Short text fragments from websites
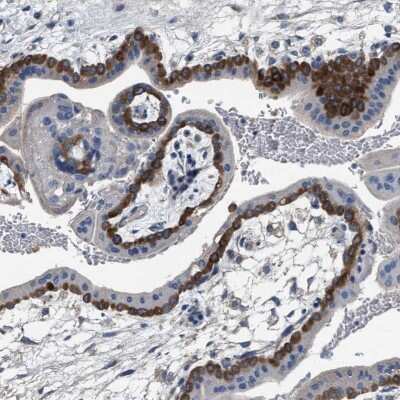Immunohistochemistry-Paraffin: PEG10 Antibody [NBP2-54675]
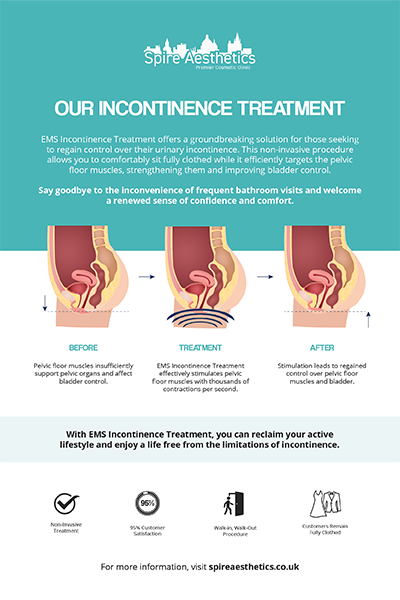 image of how urge incontinence Leamington Spa treatment works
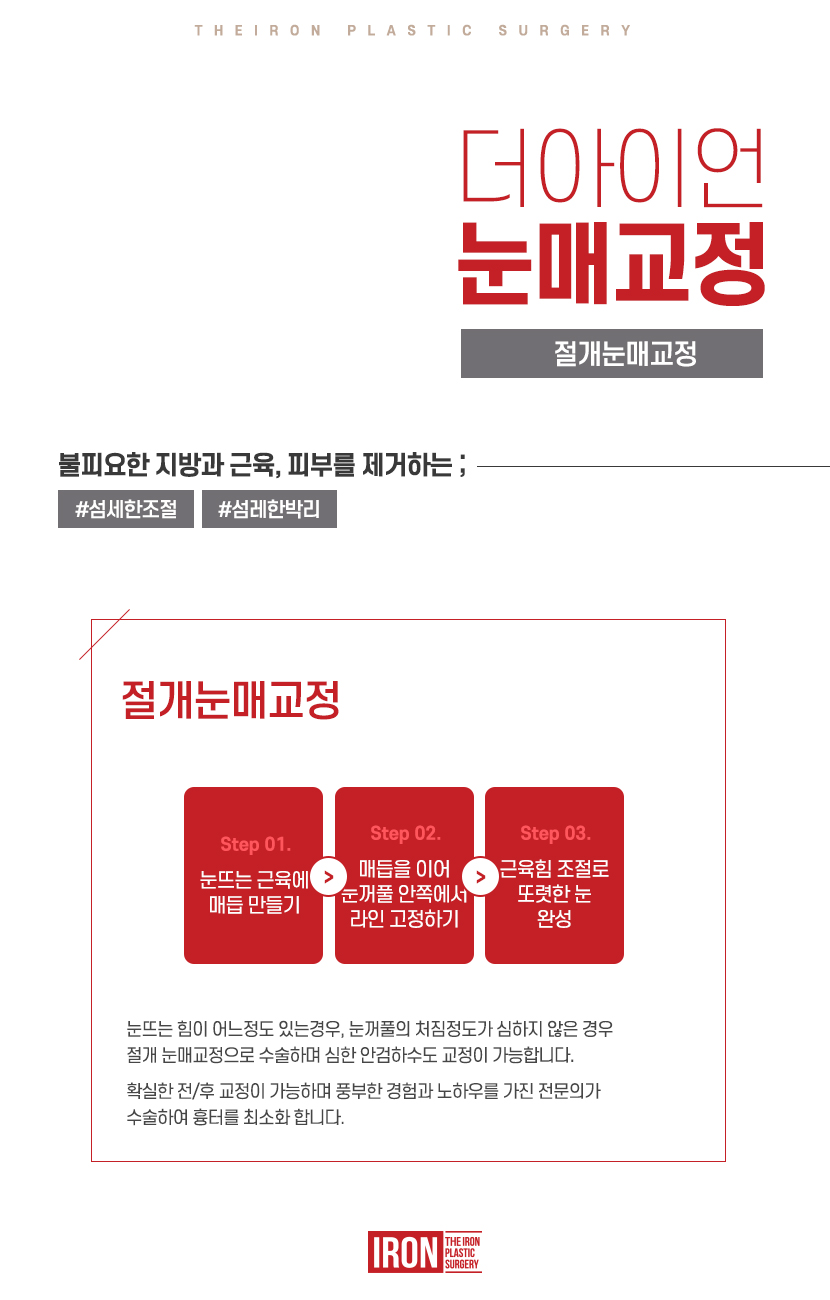 강남 눈매교정 효과를 톡톡히 보기 위한 관련 이미지 8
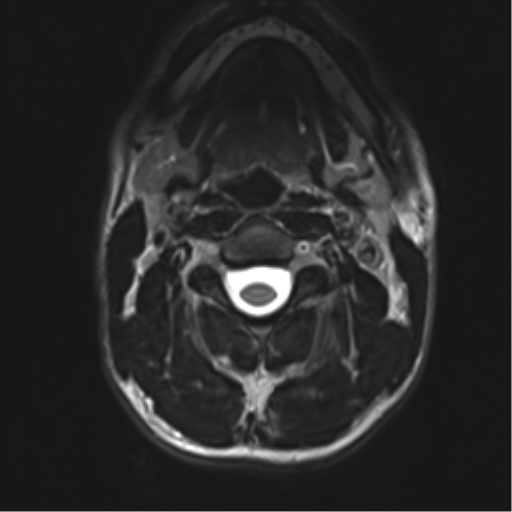 Normal trauma cervical spine (Radiopaedia 41017-43762 D 8).png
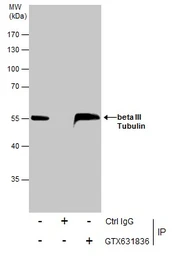 Anti-beta Tubulin 3/ Tuj1 antibody [GT11710] used in Immunoprecipitation (IP). GTX631836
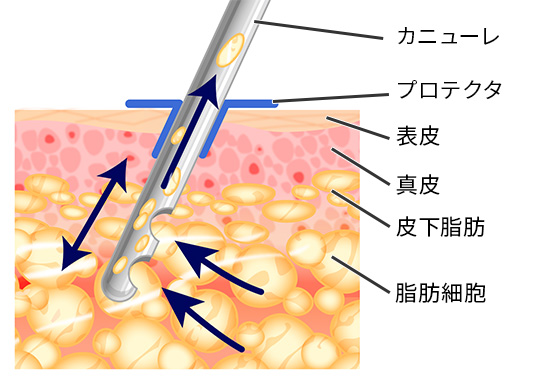 脂肪吸引 二の腕 ふくらはぎなど 美容整形は東京美容外科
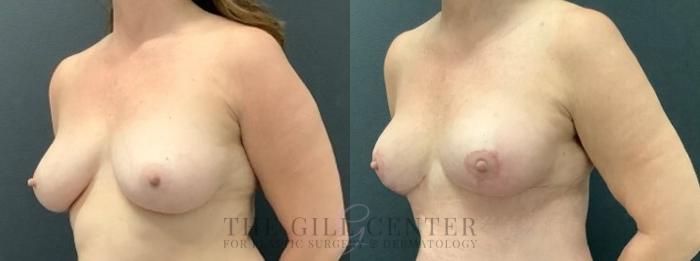 Breast Lift Case 616 Before & After Left Oblique | The Woodlands, TX | The Gill Center for Plastic Surgery and Dermatology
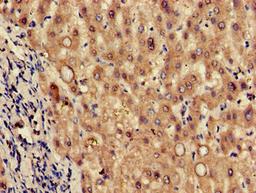 Immunohistochemistry of paraffin-embedded human liver tissue using CSB-PA809000LA01HU at dilution of 1:100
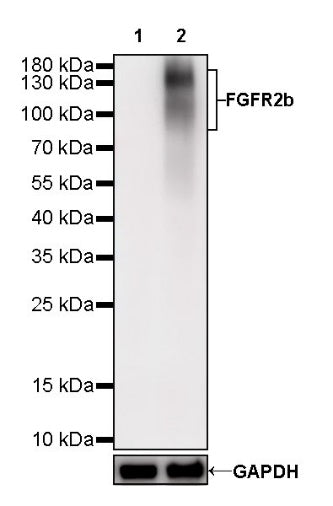 FGFR2b Recombinant Rabbit mAb (SDT-423-18)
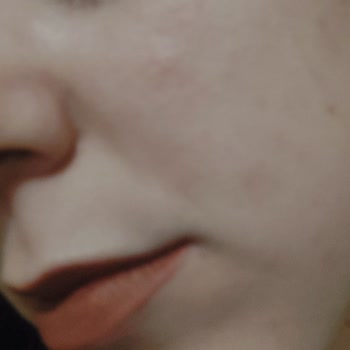 Dermoeczanem İade Seçeneği Yok!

▸ WHAT IS NEEDED
The line containing "Immunohistochemistry of paraffin-embedded" and every line after it, through the end of the data, are to be output exactly. Omit the pictures.

▸ ANSWER SPACE
 Immunohistochemistry of paraffin-embedded human liver tissue using CSB-PA809000LA01HU at dilution of 1:100
 FGFR2b Recombinant Rabbit mAb (SDT-423-18)
 Dermoeczanem İade Seçeneği Yok!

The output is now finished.